One of the things I miss most about living in a small town is the space: the ability to stretch out my arms without hitting another person or walk for miles without seeing anyone.
It’s a luxury you lose in a city like Beijing, where even the widest streets sometimes feel every bit as cramped as the smallest alleys. The crowds are difficult to avoid, whether you’re riding the subway in the middle of the day or going to the bank on a Saturday. The feeling of constantly cramming into lines and bumping elbows with strangers can become overwhelming.

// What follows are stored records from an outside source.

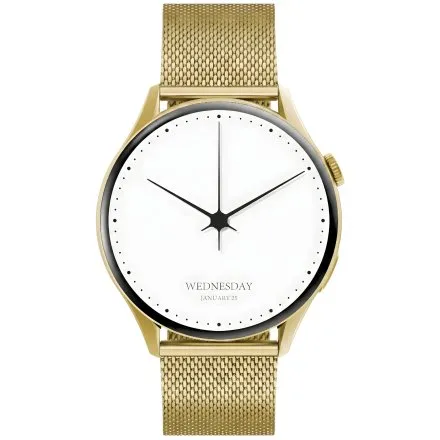 GRAVITY GT11-1 damski złoty smartwatch CZARNY PASEK GRATIS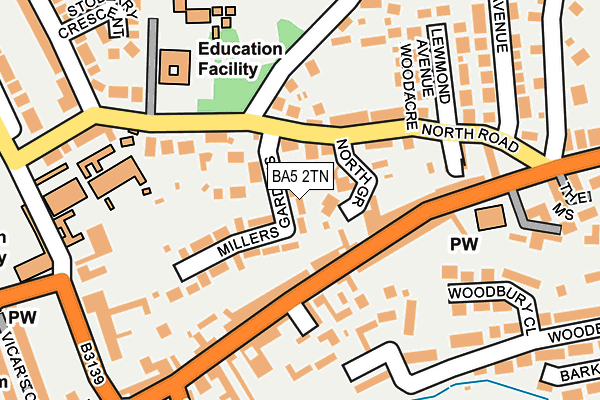 BA5 2TN map - OS OpenMap – Local (Ordnance Survey)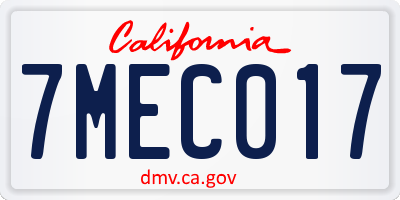 CA license plate 7MEC017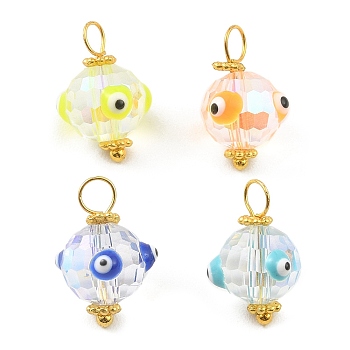 Glass Pendants, with Brass Findings and Enamel, Round with Evil Eye Charm, Mixed Color, 17x11x11mm, Hole: 3mm, 4pcs/set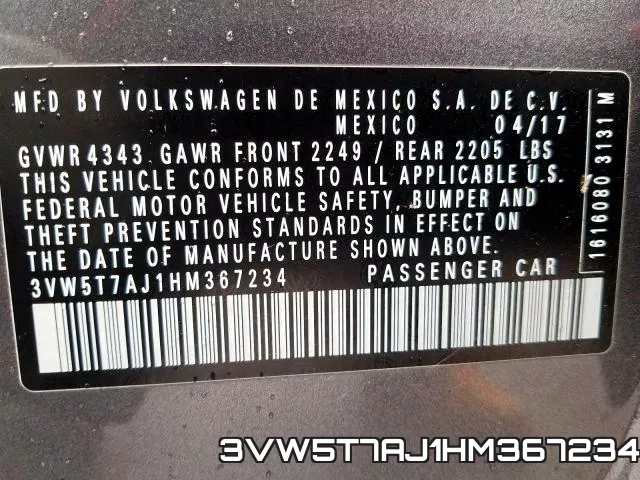 3VW5T7AJ1HM367234 фото 2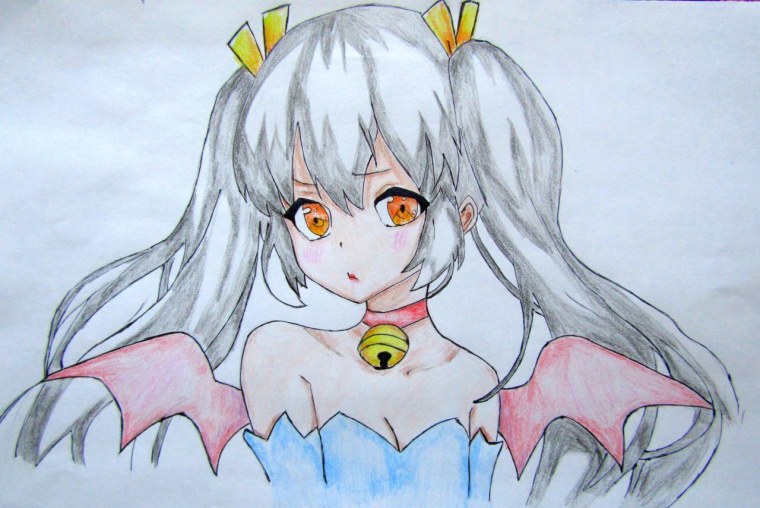 Аниме цветными карандашами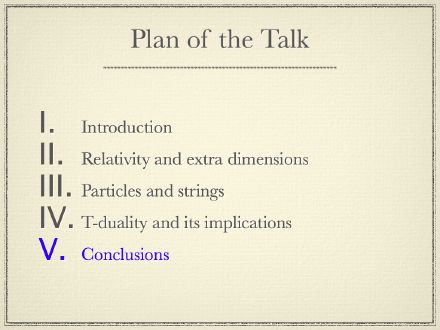 Plan of the Talk: Conclusions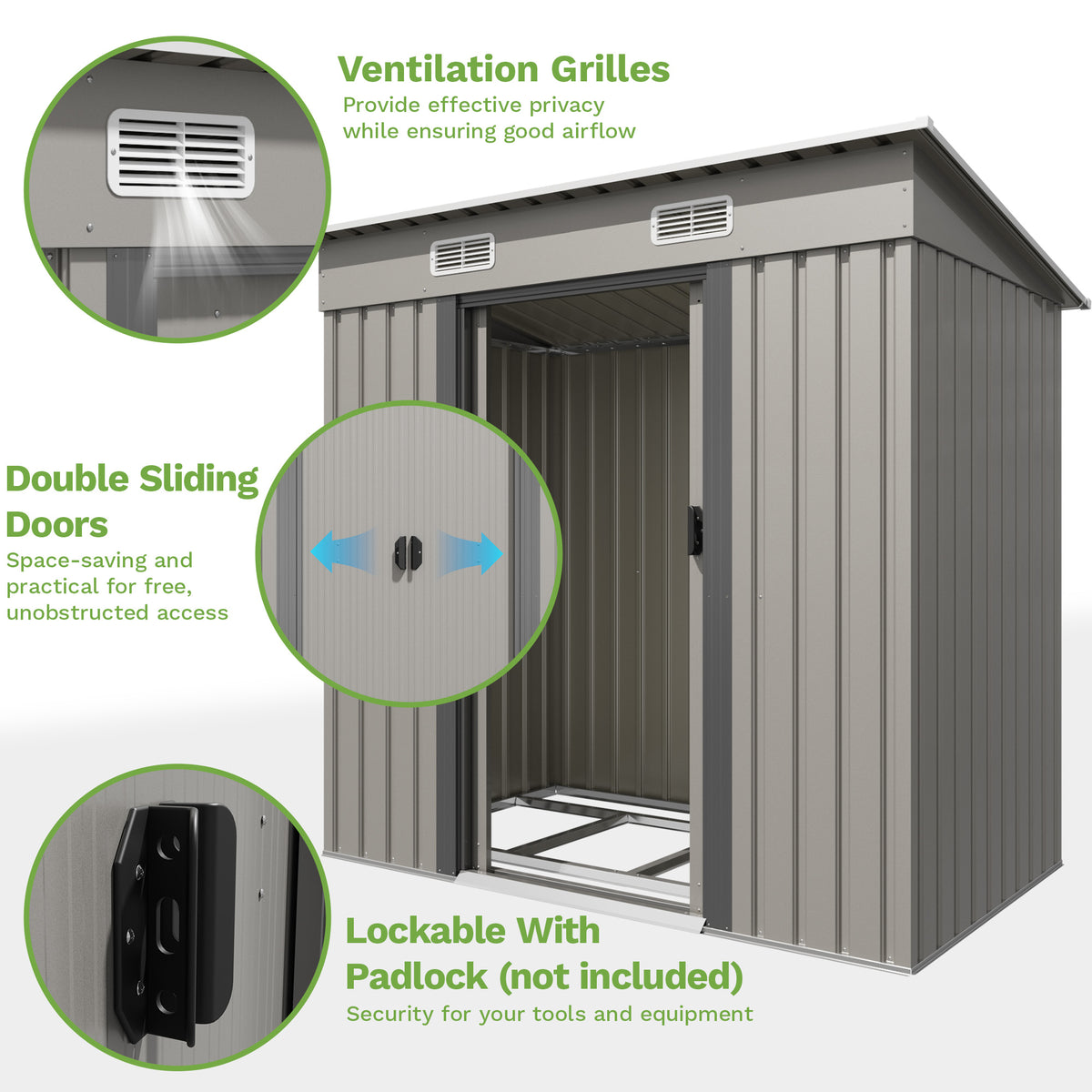 Patiowell 6x3.6 ft Metal Garden Shed with Double Sliding Door & Slop Roof, Grey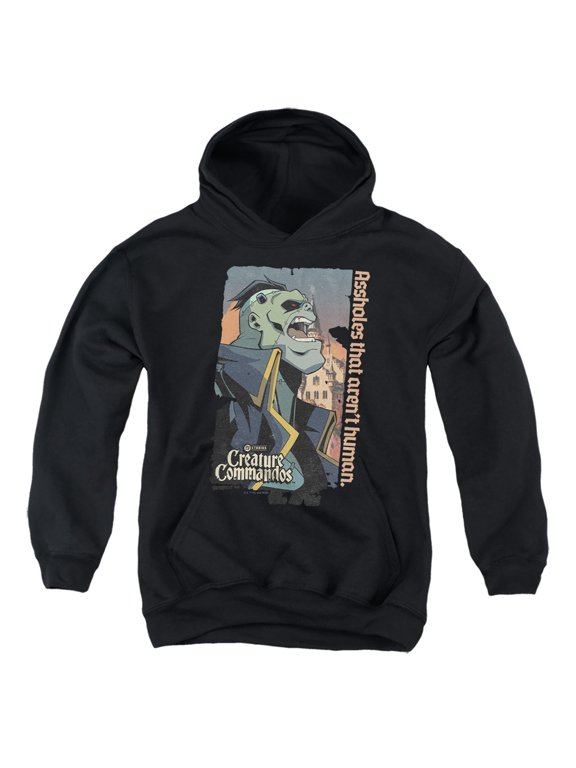 Eric Frankenstein Youth Kids Boy/Girls Pull-Over Hoodie, Black, Large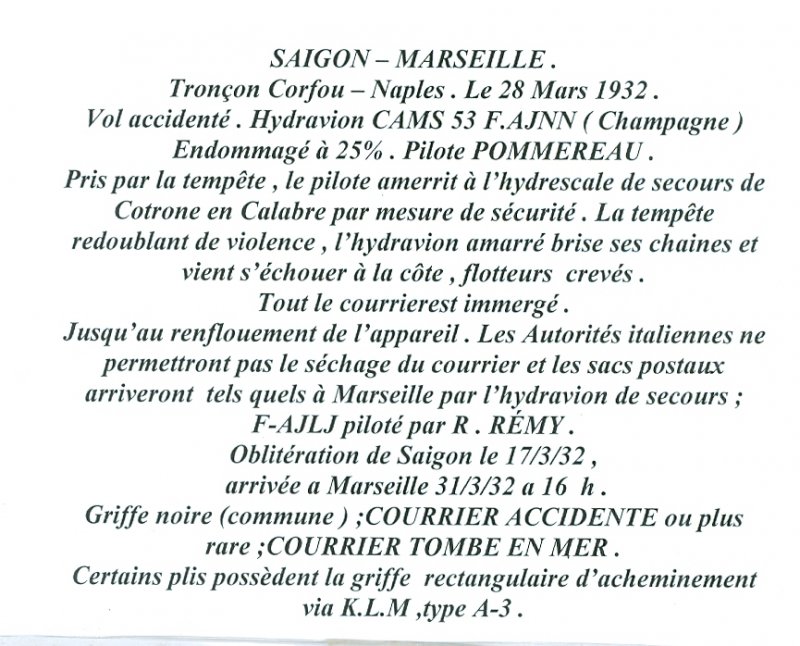 INDO-CHINA 03/28/1932 SAIGON-MARSEILLE CRASH COVER... DETAILS INCLUDED(FRENCH)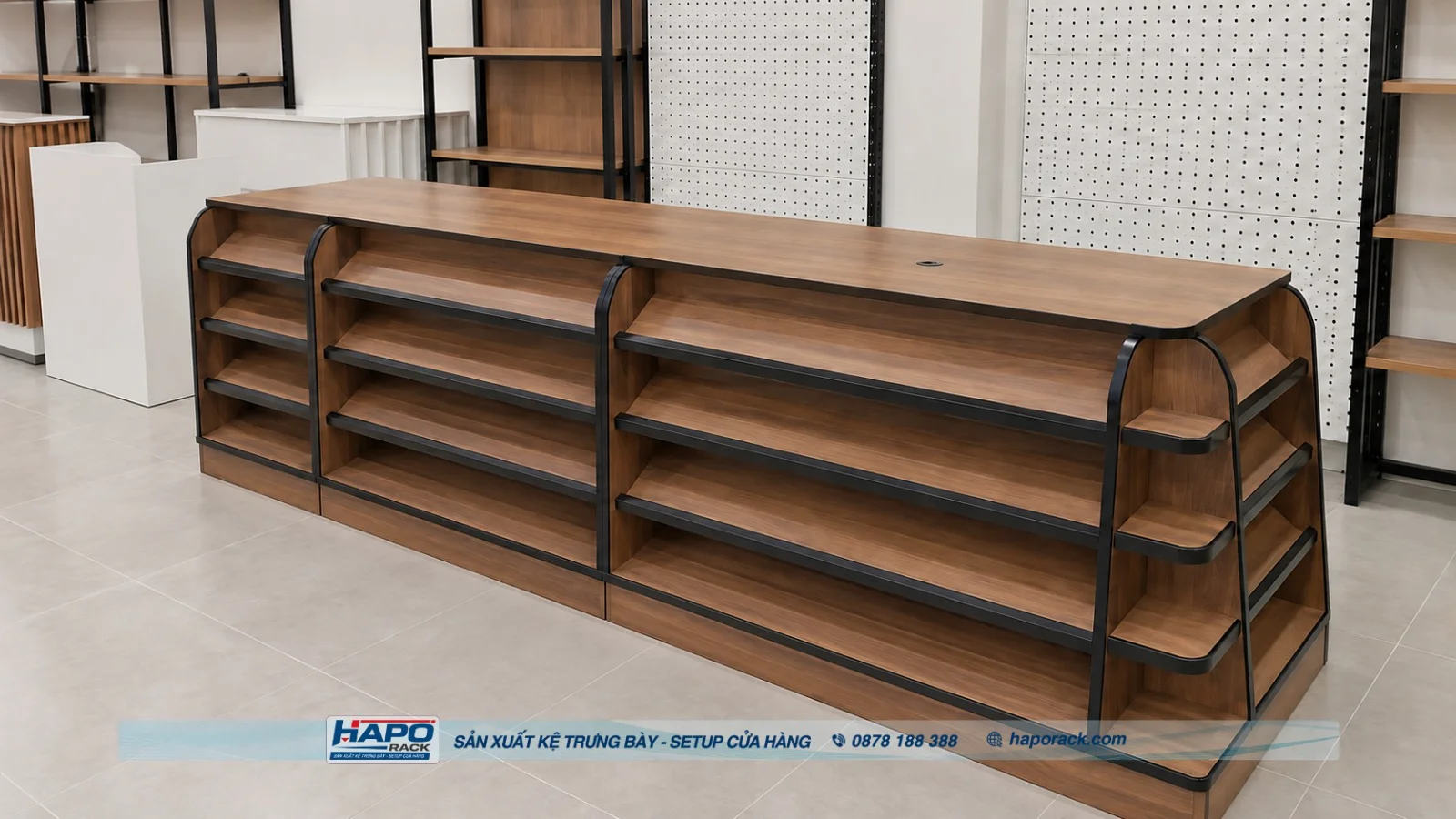 Quầy thu ngân vân gỗ cho siêu thị mini.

When I need a break from the crowds, I often head into one of Beijing’s 300 parks. For a city hell-bent on growth and economic development, Beijing has a surprising amount of space committed to leisure and recreation.
The largest is Chaoyang Park. At 713 acres, it is is comparable in size to New York’s Central Park. It’s home to a very unsafe-looking roller coaster (the only thing holding the safety harness down was a seat belt that looked like it had been pulled from a junked car), volleyball courts that were used during the 2008 Olympic games and restrooms that resemble a giant ladybug.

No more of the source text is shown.